As entidades pedem que seja concedida tutela de urgência para o afastamento de Dupas, nomeando como interventor do cargo um servidor de carreira do instituto pelo “período necessário para realização e correção integral dos exames do Enem 2021”.
No mesmo dia, nove deputados federais protocolaram ação contra o ministro da Educação, Milton Ribeiro e Danilo Dupas. A ação pede que o Ministério Público Federal investigue os dois por improbidade administrativa. Além disso, pedem “que agentes públicos eventualmente envolvidos no controle ideológico do Enem sejam punidos”.
Terceirização do banco de questões
Em agosto, o GUIA teve acesso a um documento enviado somente para servidores do Inep. Nele, Anderson Soares Oliveira, chefe da Diretoria de Avaliações da Educação Básica (Daeb), mostrava-se favorável à terceirização da elaboração do banco de questões. Ele solicitou que os funcionários apresentassem análises favoráveis ou desfavoráveis sobre manter o atual sistema de questões ou aderir a terceirização do serviço. A solicitação do estudo partiu de Danilo Dupas, atual presidente do Inep.

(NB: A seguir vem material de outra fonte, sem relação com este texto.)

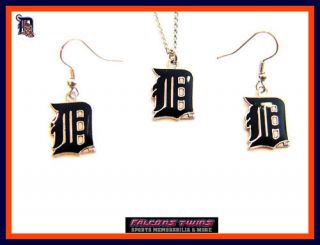 Detroit Tigers Necklace Dangle Earring Set Charm Gift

Na ocasião, servidores do órgão mostraram preocupação com a possibilidade de uma empresa ser contratada para elaborar e revisar os itens do exame. Segundo eles, caso a terceirização seja aprovada, a composição das provas estará suscetível a interferências de quadrilhas especializadas que podem se infiltrar no processo e usar o exame como moeda de troca.